__Exercise instructions__
Without including any pictures, write out the listing below exactly.

__Source data__
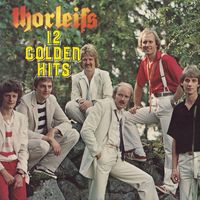 Thorleifs - 12 Golden Hits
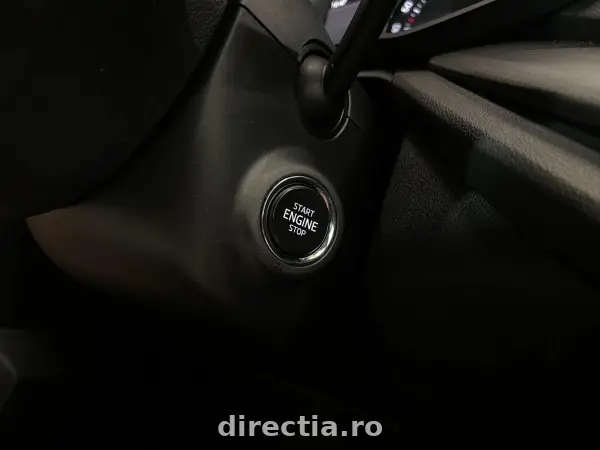 Poza anunț 25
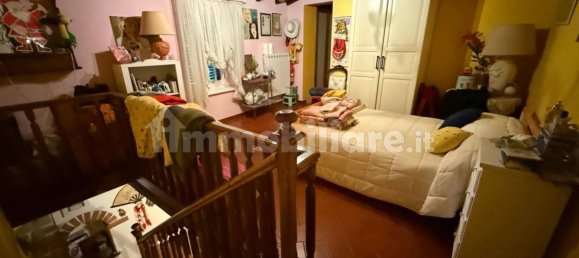 3 غرف نوم منزل في Castel San Niccolò, Italy رقم 321246 20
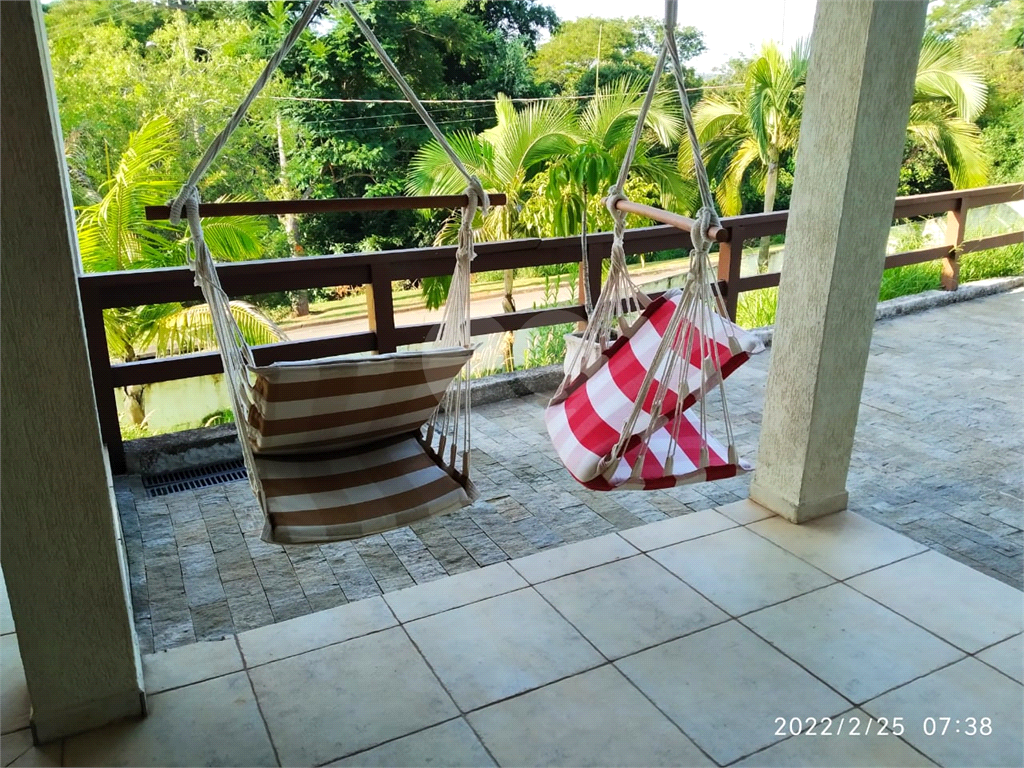 Casa de Condomínio à venda com 4 quartos, 300m² - Foto 30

__Problem solution__
 Thorleifs - 12 Golden Hits
 Poza anunț 25
 3 غرف نوم منزل في Castel San Niccolò, Italy رقم 321246 20
 Casa de Condomínio à venda com 4 quartos, 300m² - Foto 30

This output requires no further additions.